** Available data follows **

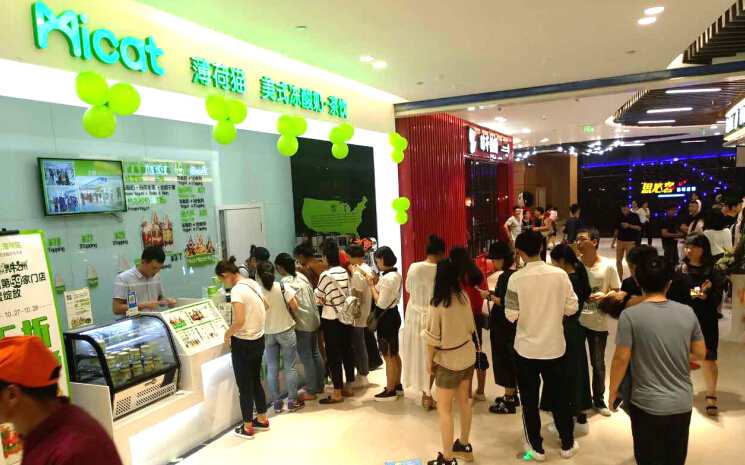 Micat薄荷貓美式凍酸奶 Micat薄荷貓美式凍酸奶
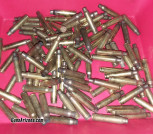 450+ pieces 5.56 brass fully processed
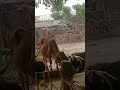 आज नहीं तो कल बदलेगी इन हाथों लकीरें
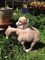 Beautiful italian 2 greyhound puppies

** End of Available data **

--- Task prompt ---
Reproduce the material in its entirety and word for word, without the pictures.

--- Solution to this task ---
 Micat薄荷貓美式凍酸奶 Micat薄荷貓美式凍酸奶
 450+ pieces 5.56 brass fully processed
 आज नहीं तो कल बदलेगी इन हाथों लकीरें
 Beautiful italian 2 greyhound puppies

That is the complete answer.